REQUIRED WORK —
The answer is the line with "Изображение товара Лист" and every line after it to the end of the listing, retyped exactly. Pictures do not belong in it.

------------------------------------------------

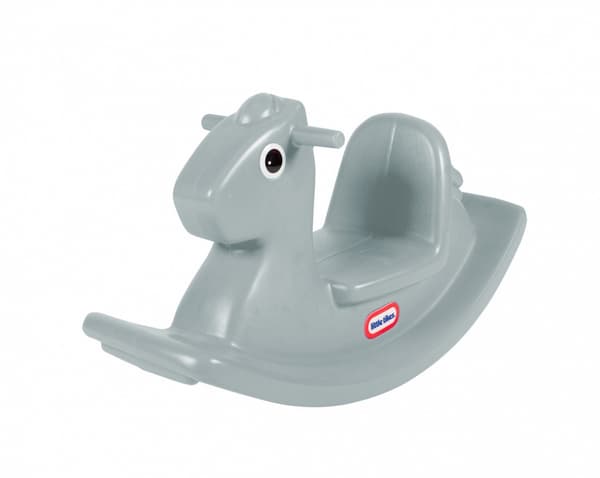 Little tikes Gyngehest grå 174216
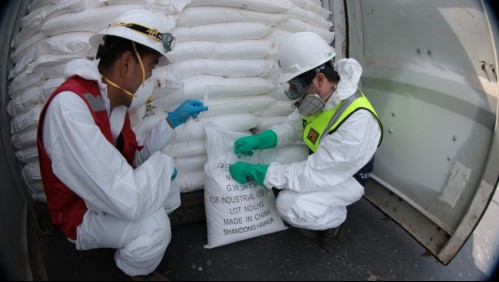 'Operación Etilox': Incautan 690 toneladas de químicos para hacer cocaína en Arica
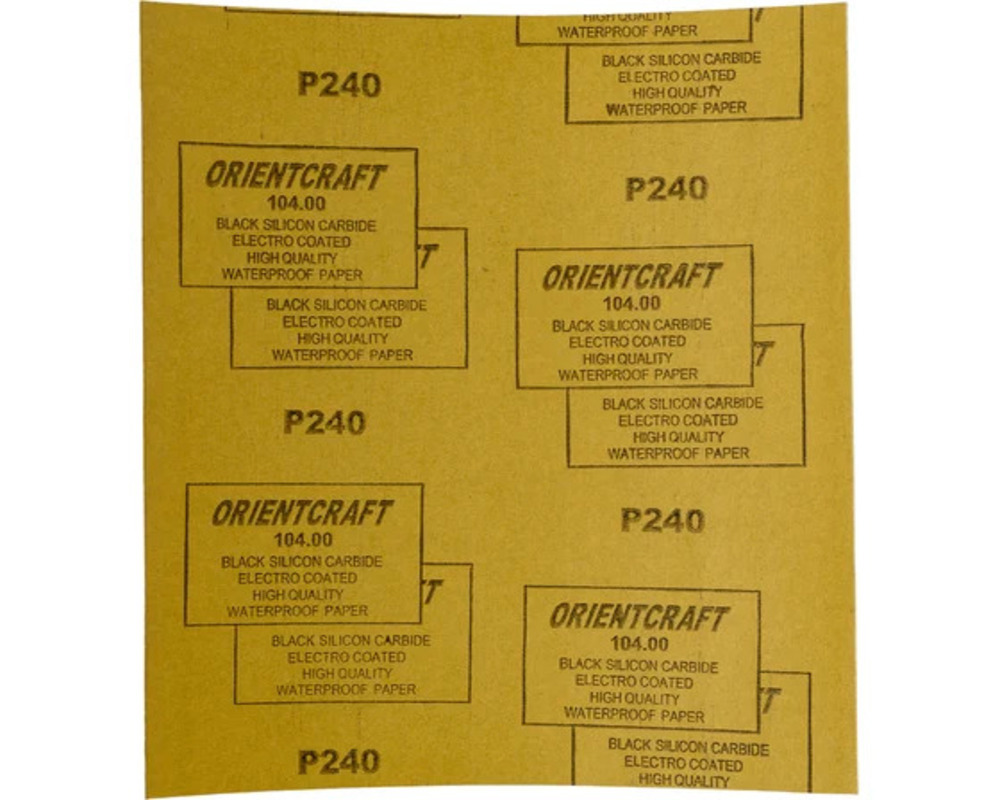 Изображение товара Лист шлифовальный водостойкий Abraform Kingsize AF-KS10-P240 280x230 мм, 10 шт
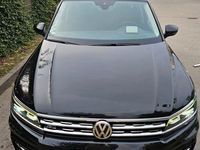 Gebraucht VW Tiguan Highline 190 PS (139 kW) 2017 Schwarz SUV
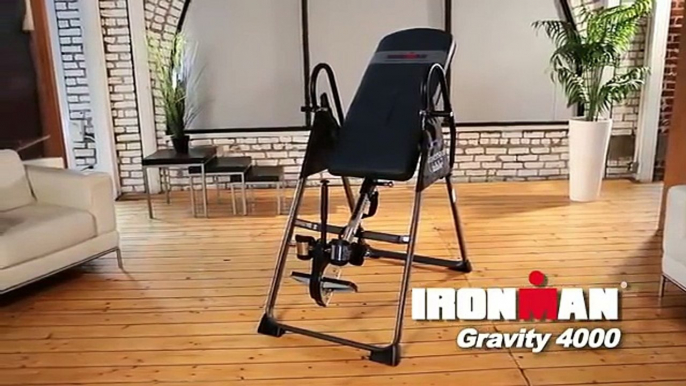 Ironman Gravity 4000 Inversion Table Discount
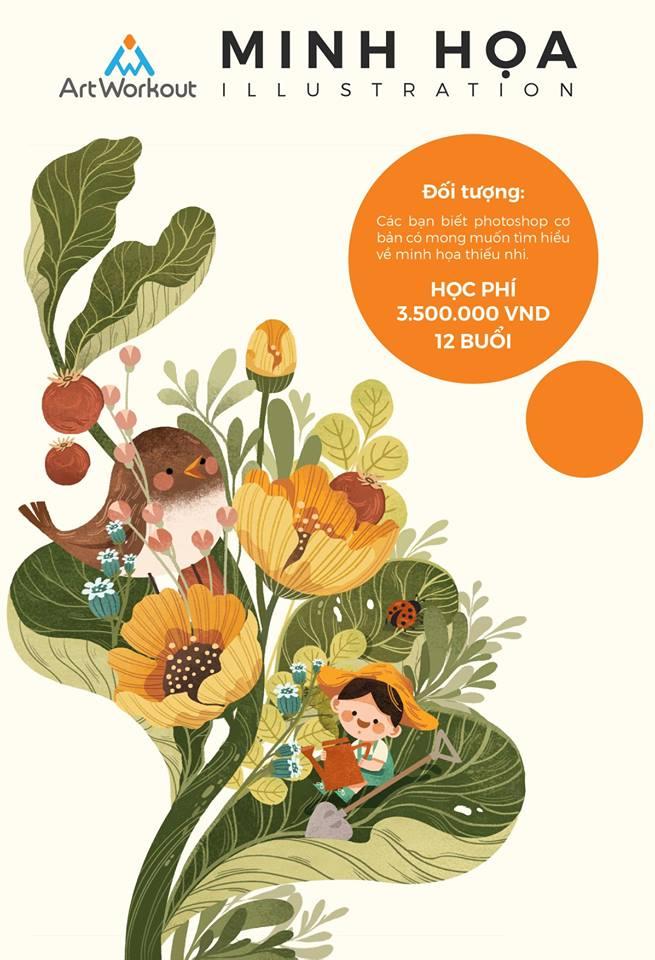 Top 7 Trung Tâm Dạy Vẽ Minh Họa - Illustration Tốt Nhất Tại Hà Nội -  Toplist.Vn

------------------------------------------------

REPLY —
 Изображение товара Лист шлифовальный водостойкий Abraform Kingsize AF-KS10-P240 280x230 мм, 10 шт
 Gebraucht VW Tiguan Highline 190 PS (139 kW) 2017 Schwarz SUV
 Ironman Gravity 4000 Inversion Table Discount
 Top 7 Trung Tâm Dạy Vẽ Minh Họa - Illustration Tốt Nhất Tại Hà Nội -  Toplist.Vn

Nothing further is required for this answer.